::: SUPPLIED DATA

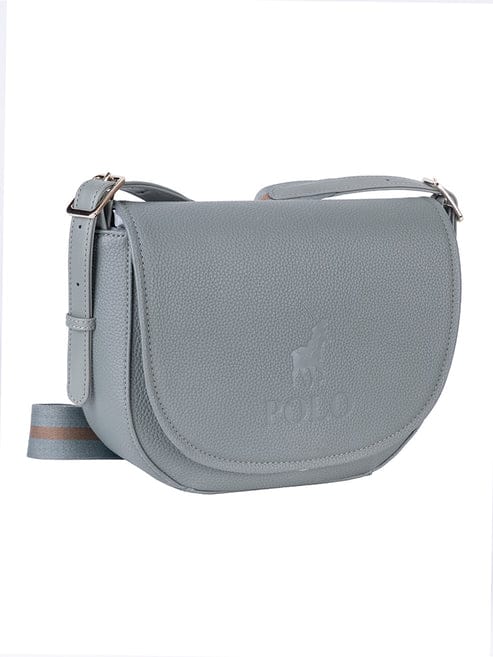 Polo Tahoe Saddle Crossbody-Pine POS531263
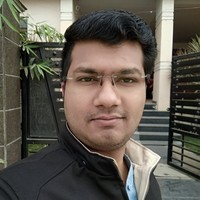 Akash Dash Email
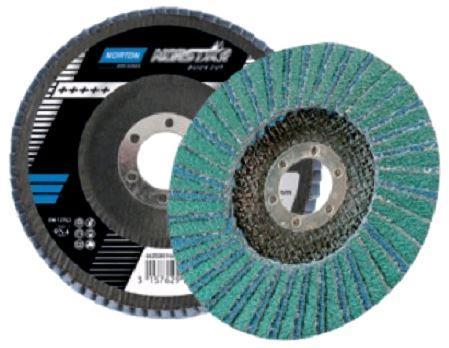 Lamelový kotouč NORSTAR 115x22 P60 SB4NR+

::::::

Write the material out again word for word and omit any images.

### RESULT OF THIS TASK
 Polo Tahoe Saddle Crossbody-Pine POS531263
 Akash Dash Email
 Lamelový kotouč NORSTAR 115x22 P60 SB4NR+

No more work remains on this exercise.